- [RECORDS FOR PROCESSING]:
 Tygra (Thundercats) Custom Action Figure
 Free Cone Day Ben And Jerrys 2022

---

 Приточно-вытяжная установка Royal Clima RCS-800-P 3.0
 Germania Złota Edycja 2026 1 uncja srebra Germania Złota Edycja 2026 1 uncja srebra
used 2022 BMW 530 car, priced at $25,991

- [REQUIRED WORK]:
Look above for the line with "Приточно-вытяжная установка Royal" and the line with "used 2022 BMW 530 car, priced at $25,991". Retype those two lines and every line between them exactly, adding nothing.

- [YOUR SOLUTION]:
 Приточно-вытяжная установка Royal Clima RCS-800-P 3.0
 Germania Złota Edycja 2026 1 uncja srebra Germania Złota Edycja 2026 1 uncja srebra
used 2022 BMW 530 car, priced at $25,991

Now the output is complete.